**Work order**:
Set down a true copy of the data, with all pictures left out.

**Given information**:
++++

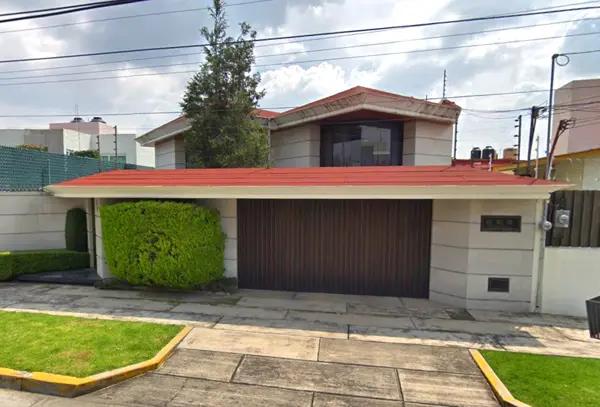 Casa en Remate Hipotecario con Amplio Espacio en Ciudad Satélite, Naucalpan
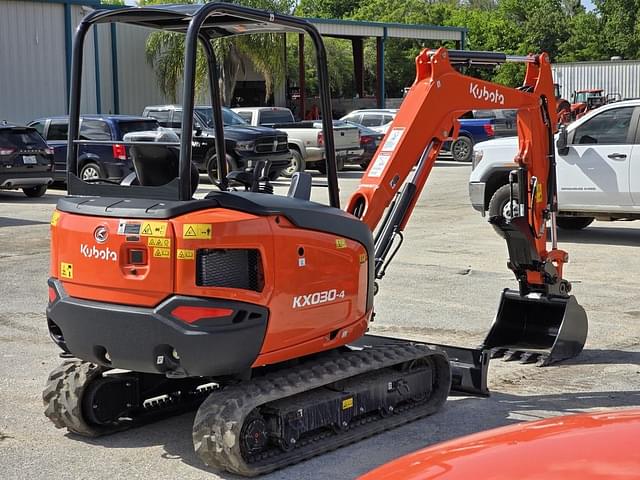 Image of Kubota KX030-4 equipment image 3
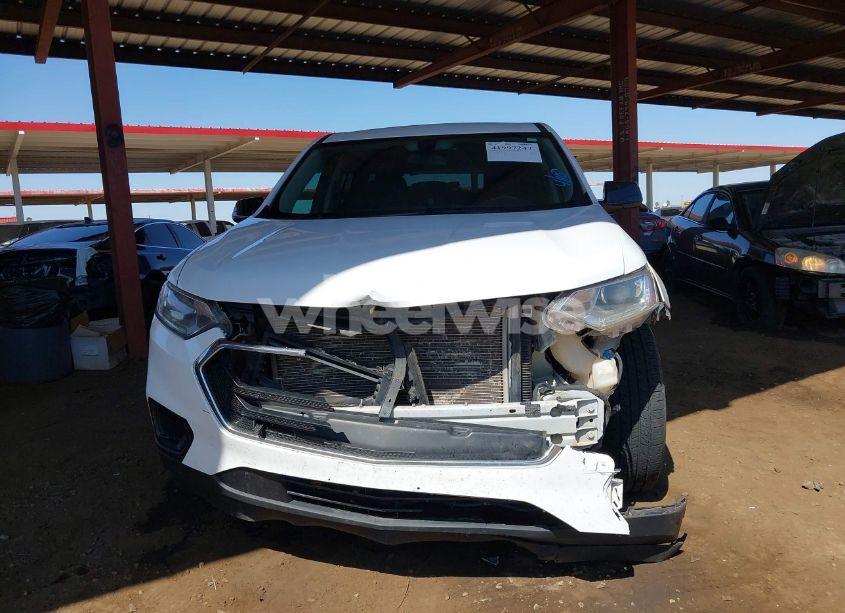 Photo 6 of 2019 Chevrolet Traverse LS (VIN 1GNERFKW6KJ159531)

++++

**Final answer**:
 Casa en Remate Hipotecario con Amplio Espacio en Ciudad Satélite, Naucalpan
 Image of Kubota KX030-4 equipment image 3
 Photo 6 of 2019 Chevrolet Traverse LS (VIN 1GNERFKW6KJ159531)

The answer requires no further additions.